TASK DIRECTIONS - Omitting the pictures, print every line below exactly as it stands.

DATA EXCERPT -
* * * * * * * * *

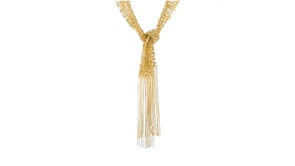 Italian 18kt Gold Over Sterling Silver Mesh Tie Necklace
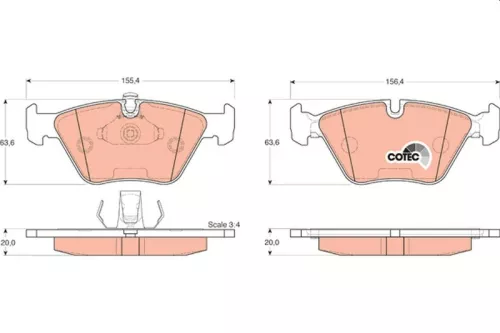 Bremsbelagsatz, Scheibenbremse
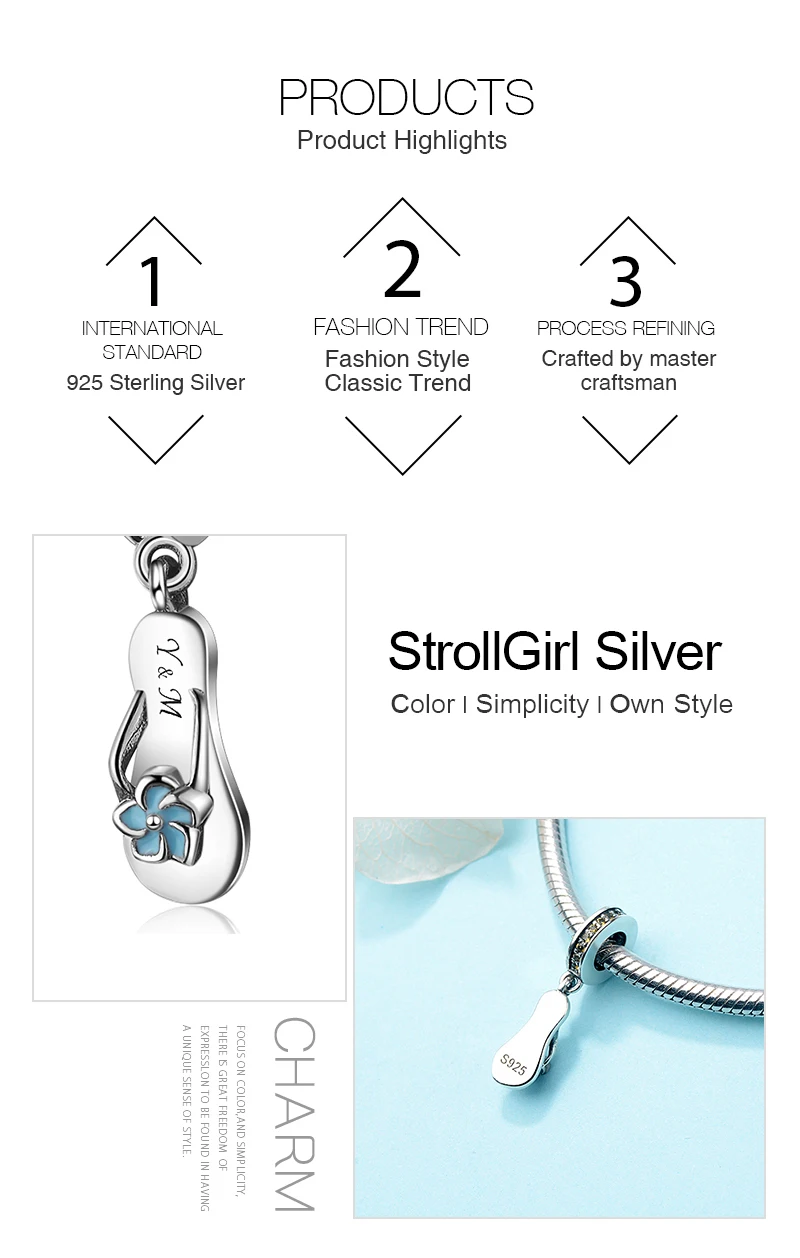Браслет Strollgirl Fit Pandora, Стерлинговое Серебро 925 пробы, голубые эмалированные тапочки, очаровательные милые желтые фианиты, подвески, бусины для женщин, ювелирные изделия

* * * * * * * * *

PROBLEM SOLUTION -
 Italian 18kt Gold Over Sterling Silver Mesh Tie Necklace
 Bremsbelagsatz, Scheibenbremse
Браслет Strollgirl Fit Pandora, Стерлинговое Серебро 925 пробы, голубые эмалированные тапочки, очаровательные милые желтые фианиты, подвески, бусины для женщин, ювелирные изделия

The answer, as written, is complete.